Le Conseil constitutionnel, dans sa décision du 8 janvier 2016, affirme, de la même manière, la spécificité du crime contre l'humanité commis à l'égard des juifs durant la seconde guerre mondiale. Mais ce raisonnement ne résout rien, car la différence de situation juridique concerne le crime contre l'humanité et non pas sa négation. Une décision du 16 octobre 2015 semble, mutatis mutandis, valider cette distinction à propos d'une infraction comparable, le délit d'apologie de crime de guerre ou de crime contre l'humanité. Le Conseil y observe que "le législateur n'a pas prévu une répression pénale différente pour l'apologie des crimes de guerre et des crimes contre l'humanité, selon que ces crimes ont été commis ou non pendant la seconde guerre mondiale". Il en déduit que l'exercice des droits de la partie civile ne peut être limité aux seules associations défendant les intérêts moraux de la Résistance.
Le Conseil est finalement conduit à affirmer la spécificité de la négation des crimes contre l'humanité commis durant la seconde guerre mondiale. A ses yeux, elle a "par elle-même, une portée raciste et antisémite", d'autant que ces crimes font partie de notre histoire puisqu'ils "se sont déroulés en partie sur le territoire national". Il en déduit donc que la loi Gayssot "a traité différemment des agissements de nature différente", affirmation qui lui permet d'écarter le grief tiré de l'atteinte au principe d'égalité devant la loi.

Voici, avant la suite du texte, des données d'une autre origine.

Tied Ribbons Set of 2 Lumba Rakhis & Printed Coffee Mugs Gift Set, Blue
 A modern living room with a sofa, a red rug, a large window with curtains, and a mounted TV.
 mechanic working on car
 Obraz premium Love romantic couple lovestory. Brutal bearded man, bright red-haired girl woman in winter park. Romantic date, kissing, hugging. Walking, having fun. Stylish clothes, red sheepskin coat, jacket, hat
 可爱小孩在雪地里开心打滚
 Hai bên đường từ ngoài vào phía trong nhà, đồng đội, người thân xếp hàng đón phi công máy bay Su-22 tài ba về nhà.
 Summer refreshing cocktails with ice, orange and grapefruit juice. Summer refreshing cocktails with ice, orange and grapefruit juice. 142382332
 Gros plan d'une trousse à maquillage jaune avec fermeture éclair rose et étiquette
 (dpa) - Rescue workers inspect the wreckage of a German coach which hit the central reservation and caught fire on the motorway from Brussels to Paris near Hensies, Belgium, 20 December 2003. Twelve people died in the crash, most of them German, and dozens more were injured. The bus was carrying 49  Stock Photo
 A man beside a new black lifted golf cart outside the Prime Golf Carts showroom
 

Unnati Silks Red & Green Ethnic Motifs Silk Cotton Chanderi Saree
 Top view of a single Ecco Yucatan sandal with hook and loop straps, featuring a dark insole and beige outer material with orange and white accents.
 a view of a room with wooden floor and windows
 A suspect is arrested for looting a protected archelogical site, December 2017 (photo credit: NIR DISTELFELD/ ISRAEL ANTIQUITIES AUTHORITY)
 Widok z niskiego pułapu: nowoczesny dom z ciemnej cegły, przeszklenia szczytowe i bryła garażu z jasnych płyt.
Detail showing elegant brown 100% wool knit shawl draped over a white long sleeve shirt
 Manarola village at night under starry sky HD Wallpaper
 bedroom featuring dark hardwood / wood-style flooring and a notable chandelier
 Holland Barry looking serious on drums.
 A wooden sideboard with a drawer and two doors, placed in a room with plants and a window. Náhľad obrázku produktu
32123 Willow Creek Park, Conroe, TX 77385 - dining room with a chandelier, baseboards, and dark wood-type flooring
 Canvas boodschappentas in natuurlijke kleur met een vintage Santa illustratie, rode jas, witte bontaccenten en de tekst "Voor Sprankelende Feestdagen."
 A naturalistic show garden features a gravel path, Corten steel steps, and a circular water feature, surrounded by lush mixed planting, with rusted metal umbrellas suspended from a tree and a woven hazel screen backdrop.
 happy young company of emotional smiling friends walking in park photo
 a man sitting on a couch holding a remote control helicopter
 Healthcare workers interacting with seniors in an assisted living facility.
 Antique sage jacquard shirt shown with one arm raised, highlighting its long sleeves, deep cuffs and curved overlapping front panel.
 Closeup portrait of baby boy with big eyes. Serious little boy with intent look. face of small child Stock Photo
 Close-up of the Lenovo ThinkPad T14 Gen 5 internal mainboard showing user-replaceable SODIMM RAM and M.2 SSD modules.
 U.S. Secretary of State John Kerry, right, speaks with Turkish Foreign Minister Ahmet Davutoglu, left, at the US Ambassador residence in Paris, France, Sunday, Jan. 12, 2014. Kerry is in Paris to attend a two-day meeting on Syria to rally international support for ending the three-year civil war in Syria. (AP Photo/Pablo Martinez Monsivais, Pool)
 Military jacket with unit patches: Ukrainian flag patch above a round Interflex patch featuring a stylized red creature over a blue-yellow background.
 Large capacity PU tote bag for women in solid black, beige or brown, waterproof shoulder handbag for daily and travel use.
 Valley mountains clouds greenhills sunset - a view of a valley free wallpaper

La décision du Conseil constitutionnel du 8 janvier 2016 présente l'avantage de mettre fin au débat sur la constitutionnalité du délit de négation de crime contre l'humanité. Les négationnistes ne pourront sans doute plus se présenter comme des martyrs de la liberté d'expression. Il n'en demeure pas moins que l'ensemble jurisprudentiel ainsi construit manque quelque peu de lisibilité.